The Ukraine story is a perfect example of this. The facts of the story that are now accepted by Trump are pretty damning. Trump ordered the withholding of military aid to the Ukraine and then later had a phone call in July with the president of that country asking him to dig up dirt on the business dealings in that country of Hunter Biden, Joe Biden’s son. It is not clear what the Ukrainian president’s response was but that is immaterial. The fact of using taxpayer money in the form of the military aid budget to serve his re-election needs is a massive abuse of governmental power.

Cartoonist Jen Sorensen imagines how the phone call between Trump and the Ukrainian president went down.

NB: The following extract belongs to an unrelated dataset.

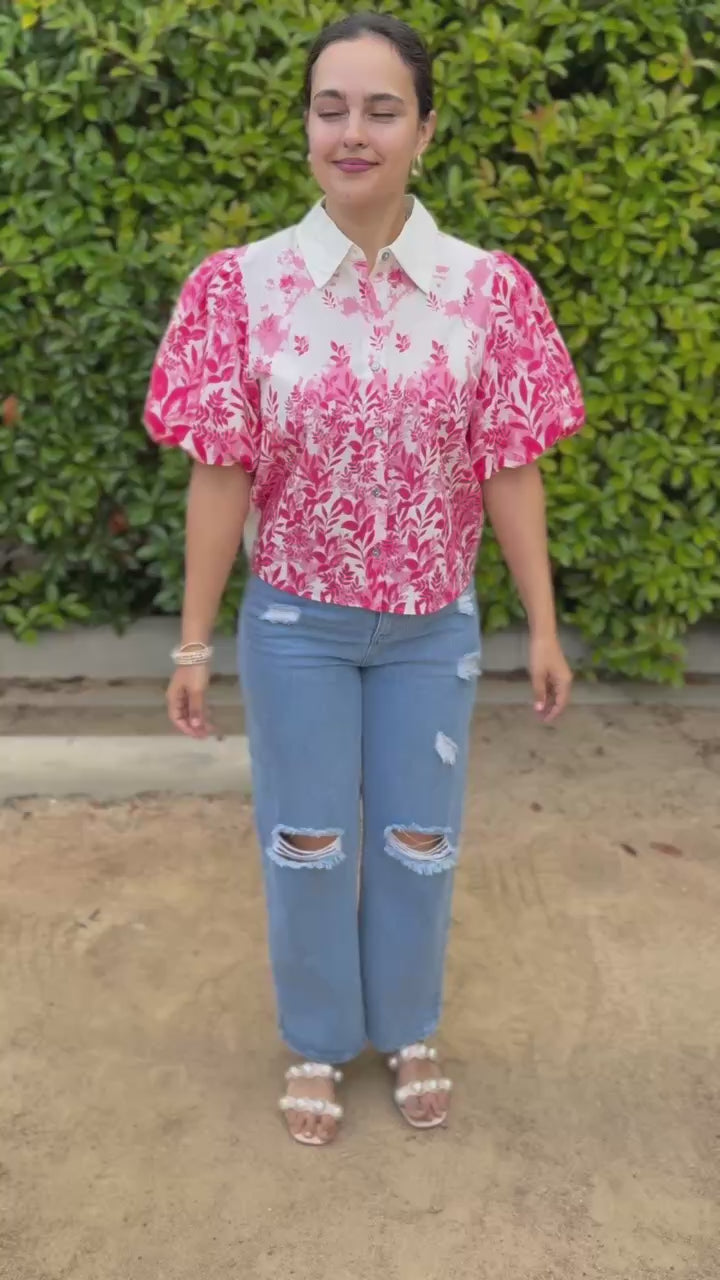 Woman wearing a pink floral blouse and blue jeans outdoors.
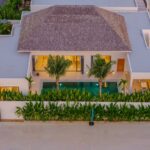 Aerial view of a modern villa with a central pool, surrounded by tropical plants and a white perimeter wall.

But look at how we got there. It started with a whistleblower leak from an intelligence source that was sent to the inspector general of the intelligence services that there had been an improper promise made in a phone call to a foreign leader. That was initially denied in its entirety and Joseph Maguire, Trump’s acting director of national intelligence, refused to release the whistleblower complaint to congress as apparently required by law. But slowly over time, as more details emerged, Trump changed his story correspondingly. He said that there was a phone call but nothing untoward was said. Then it became clear that the country was Ukraine. Then it was that the call was about Hunter Biden’s private business dealings. Then it was that military aid was conditional on getting the dirt.

Seth Meyers shows how Trump slowly acknowledged the facts of the case, with his lawyer Rudy Giuliani often used as the mechanism for revealing bits and pieces of the story in his inimitable bumbling way.

Then today comes the final, and most damning element, that Trump ordered the halt of military aid shortly before he spoke to the Ukrainian president, which clearly meant that he was intending to use it as leverage.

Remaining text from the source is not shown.